The pest control company told Recker it put out poison at a rate that would kill about 200 rats. Recker assumes the actual number is higher, since the poison was used for another week following that conversation.
Since the pest control, there’s been a marked improvement, and the Reckers haven't seen a rat in over a week. But as there are still holes in their backyard, they are eager to cement the area behind their garage to prevent rats from digging.
Brandon Macomber, residential sanitarian at Public Health, warned that there will need to be other long-term fixes throughout the neighborhood.
“It’s something that didn't happen overnight and won't be corrected overnight,” Macomber said. “We’re providing as much education as we can to help people to make their yard less hospitable to pests, because that's what ultimately needs to happen.”
Macomber suggested ensuring that compost and chicken feed are secured, as well as minimizing overgrown vegetation, where rats like to hide.
The Reckers have already invested significant time and money into the problem.
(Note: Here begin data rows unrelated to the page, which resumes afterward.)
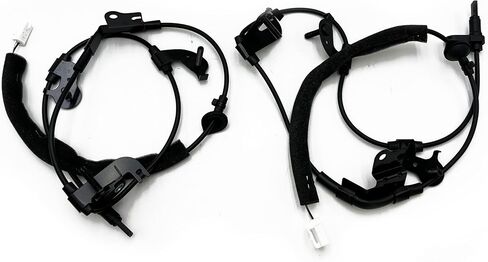 2Pcs Rear Left and Right ABS Wheel Speed Sensor Compatible with Toyota Replacement for RAV4 2006-2018 L4 2.4L Replaces 89546-42040 89545-42040 8954642040 8954542040 in Saudi Arabia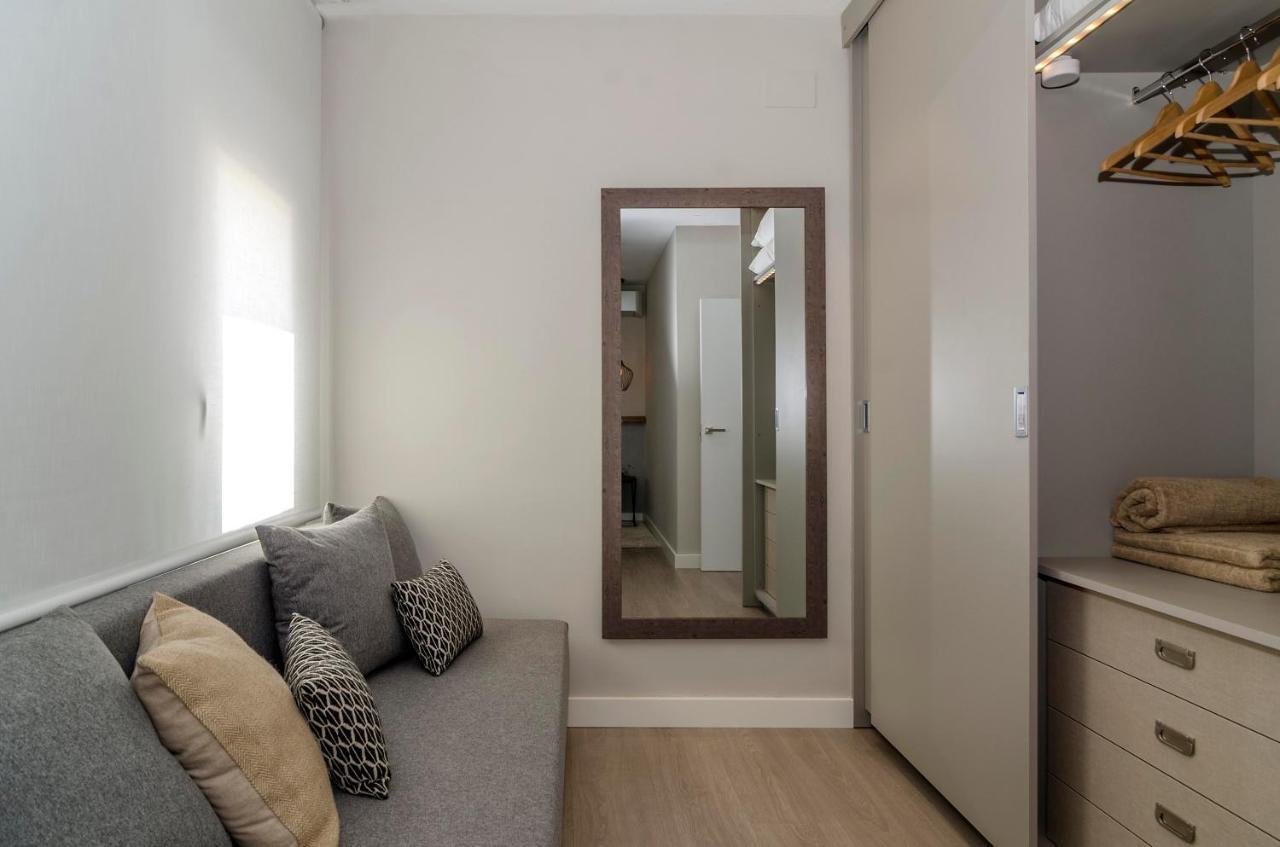 Sitges Spaces Deluxe Centre Apartment Exterior photo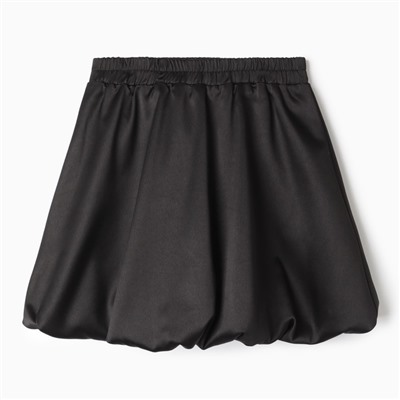 Юбка-баллон для девочки KAFTAN, размер 36 (134-140 см), чёрная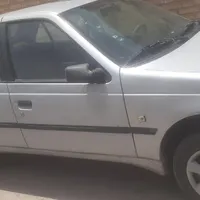 پژو 405 GL بنزینی، مدل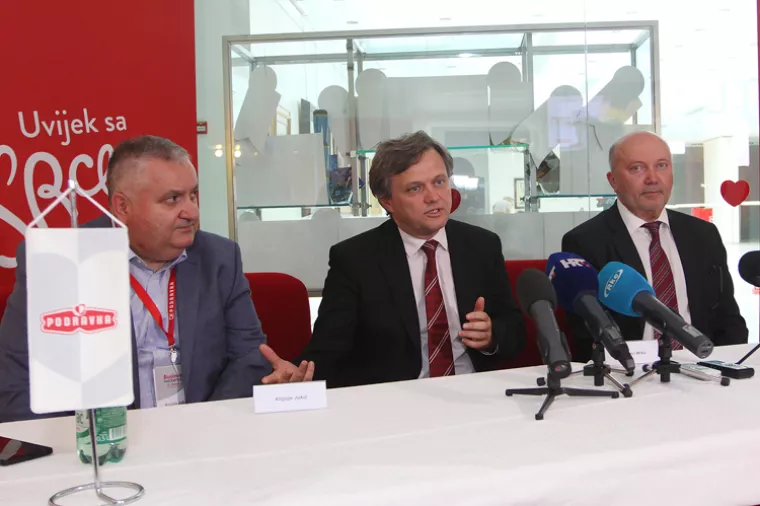 Softver Podravke i Microsofta povezat će prehrambene sklonosti potrošača, proizvođače i ugostitelje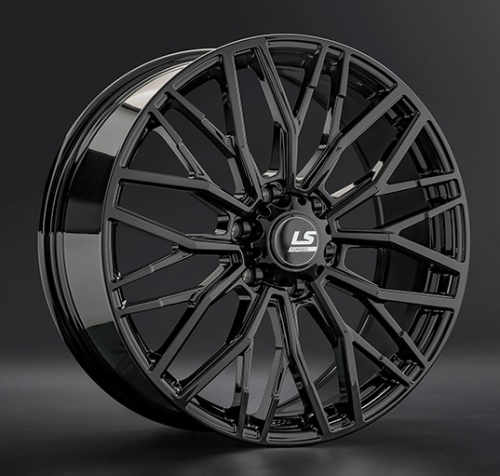 LS Forged FG33 8x20 6*139,7 Et:55 Dia:95,1 bk LS Forged FG33 8x20 6*139,7 Et:55 Dia:95,1 bk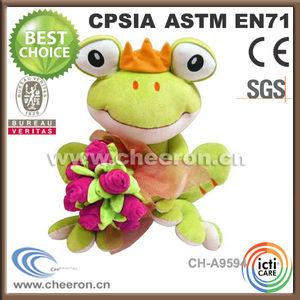 <span class=keywords><strong>A</strong></span> whole new gama de mini de la felpa de la rana regalos para el dí<span class=keywords><strong>a</strong></span> de san valentín - Product Image 5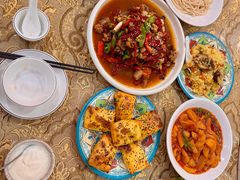 -黑公羊新疆菜(人和店)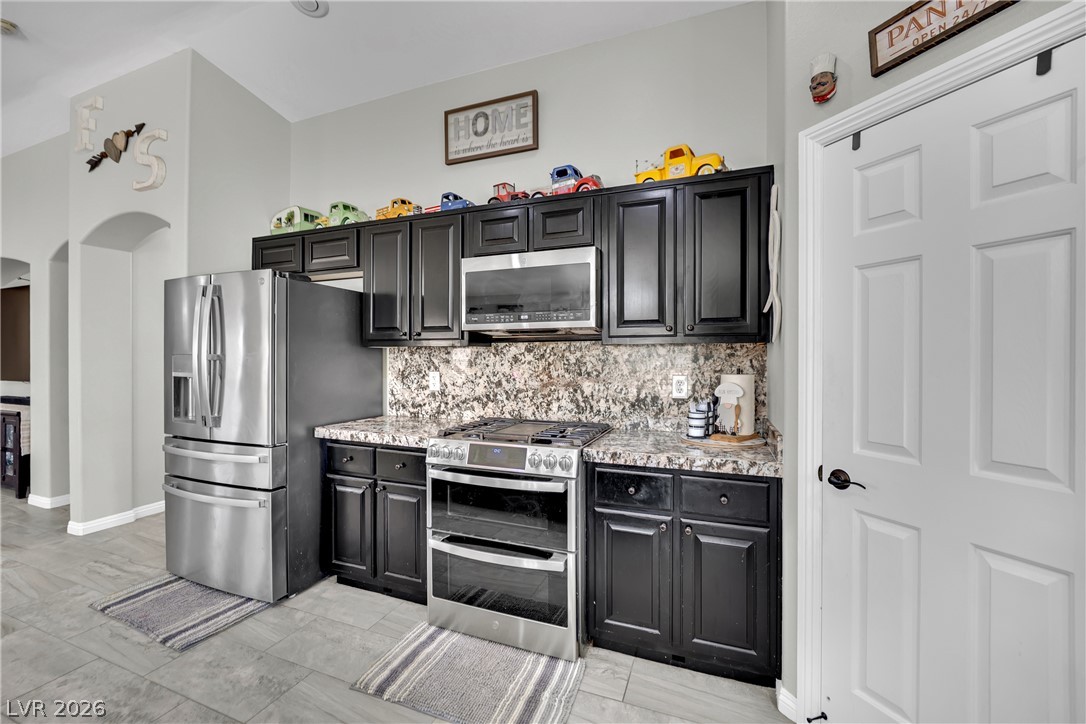 4504 Silverwind Road North Las Vegas NV 89031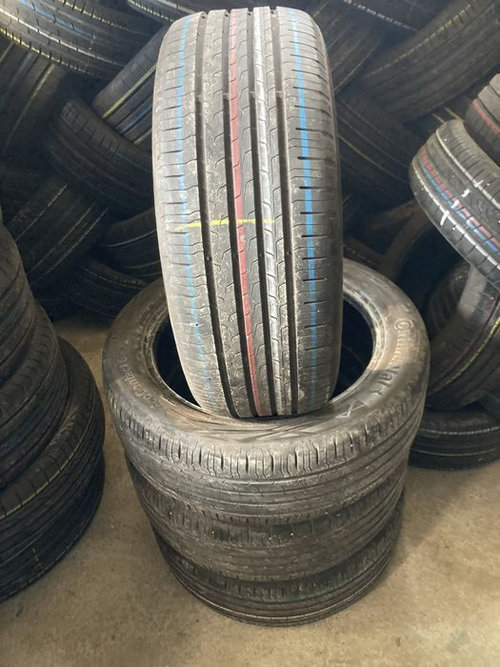 Anvelope Continental set 4 buc 215/50 R17 Dot 2023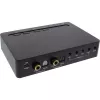 InLine USB 2.0 SoundBox 7.1 -äänikortti 48KHz / 16-bittinen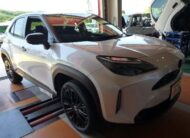 2025 TOYOTA YARIS CROSS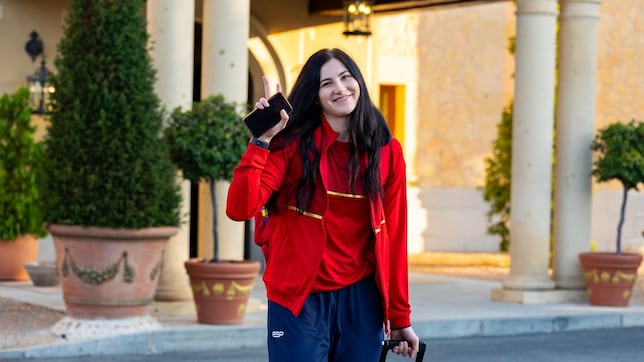 Megan Gustafson, la ‘10’ de Iowa con la ‘pócima Lorenzo’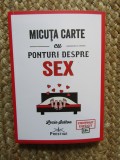 Micuta carte cu ponturi despre Sex - Lexie Sutton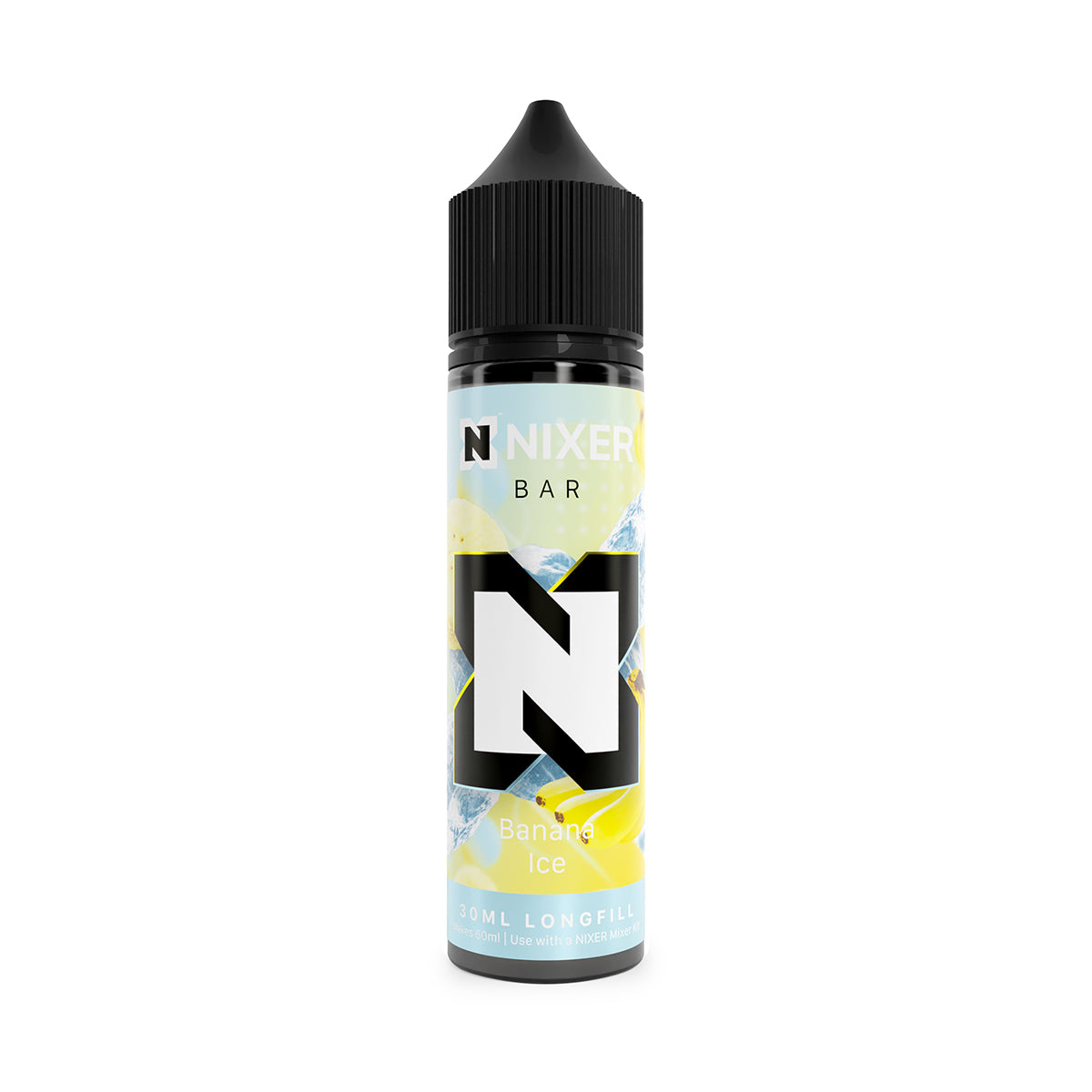 NIXER 30ml Long-Fill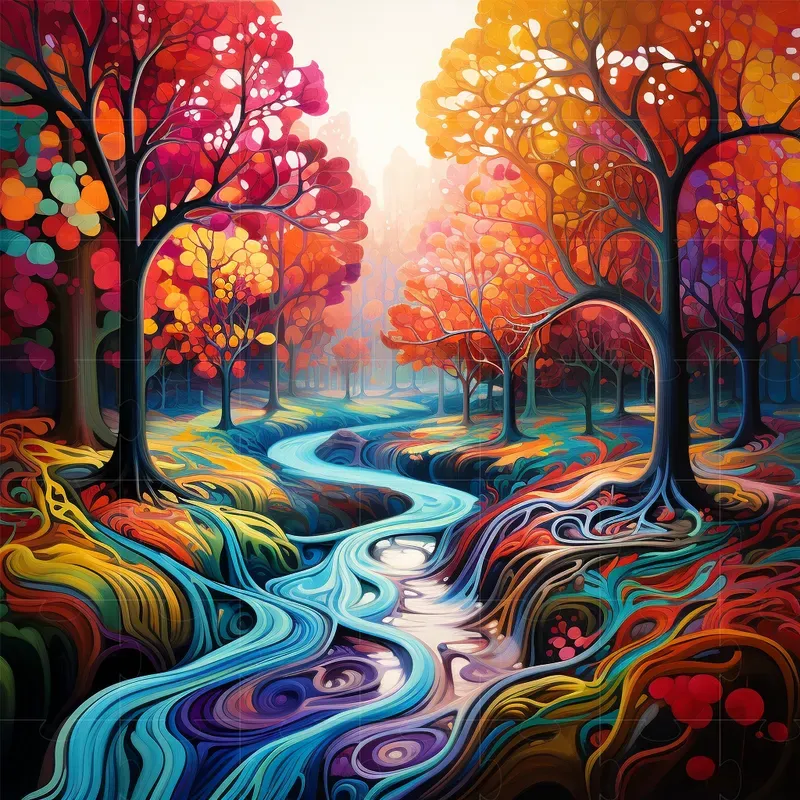 Psychedelic Art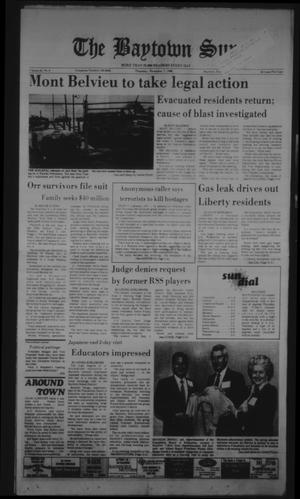 The Baytown Sun (Baytown, Tex.), Vol. 64, No. 6, Ed. 1 Thursday, November 7, 1985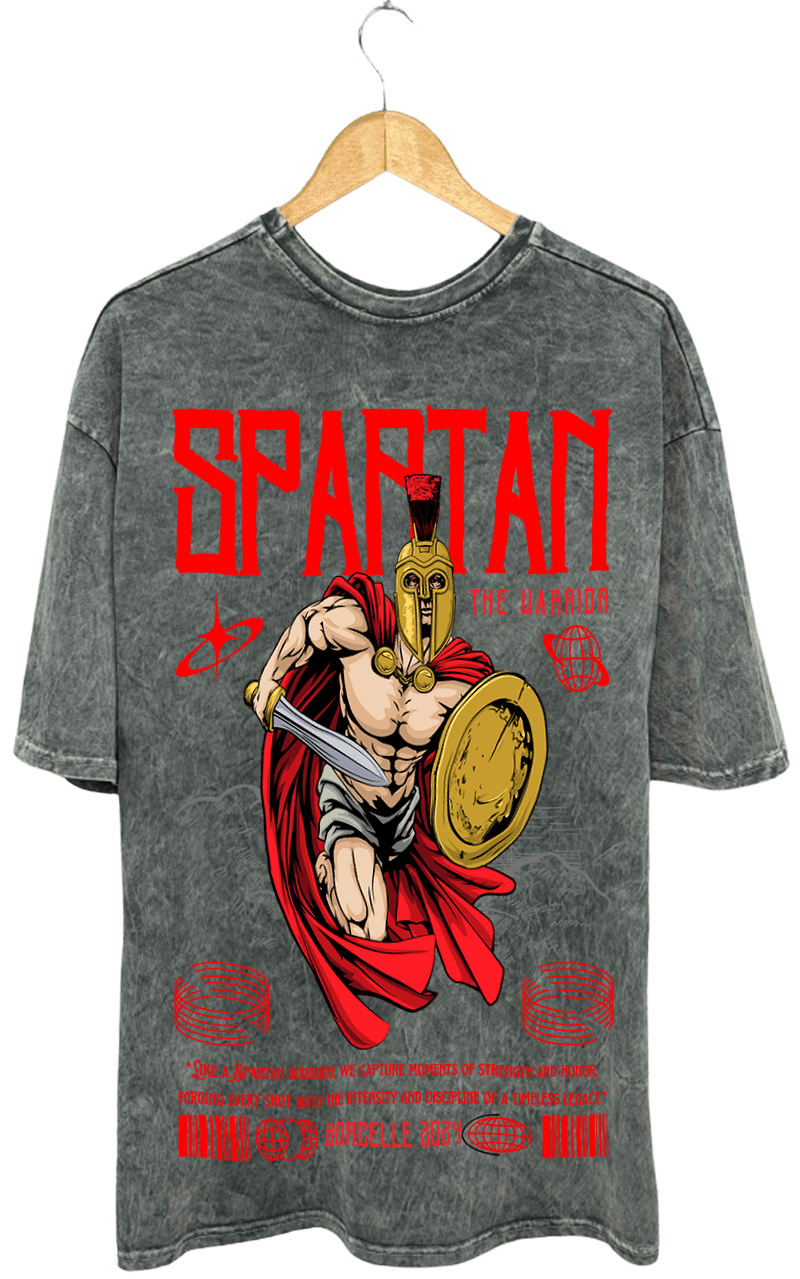 Spartan Spirit T-shirt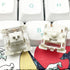 DRAOZA Gateron G White Pro 3.0 Switches, 5-Pin Pre Lubed RGB SMD Linear Switches for MX Gaming Keyboard (72PCS)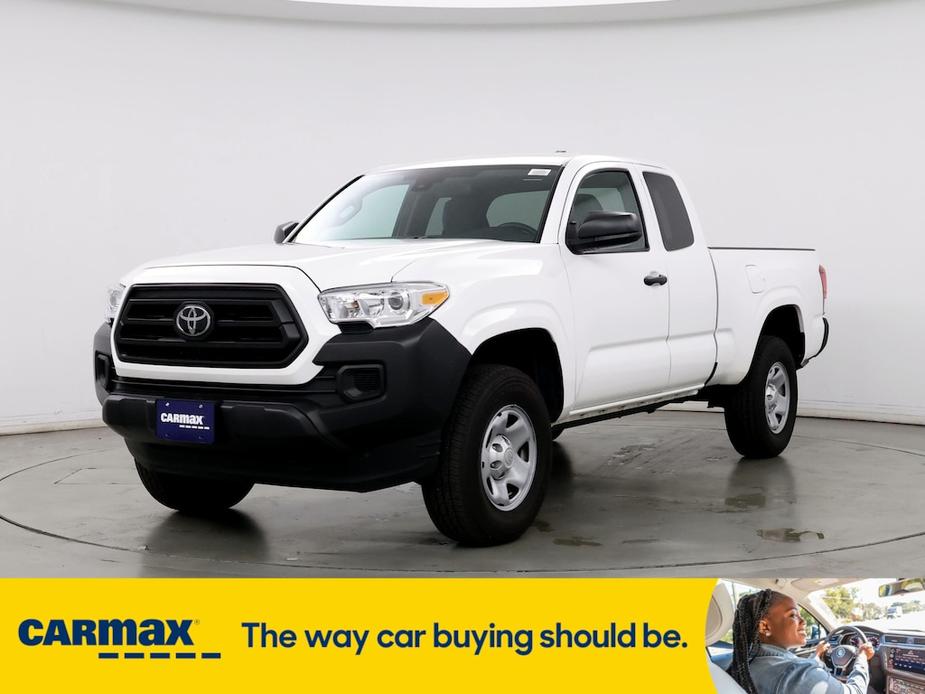 used 2023 Toyota Tacoma car, priced at $26,998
They bought underground wire and traps, and paid to remove a tree the rats had dug into, with costs adding up to over $250. The cementing will cost an additional $200, said Recker, who is pregnant.
“There's a lot of baby stuff we’re buying right now and we have to prioritize. Do we want a stroller, or do we want to cement our backyard?” Recker said.
While disappointed that Burger King did not claim more responsibility, Recker’s primary frustration is that Burger King knew about the rats and didn't alert the neighborhood, she said.
“If a business has some rats, OK it happens, it’s a city,” Recker said. “But you have to handle it in a way that’s responsible.”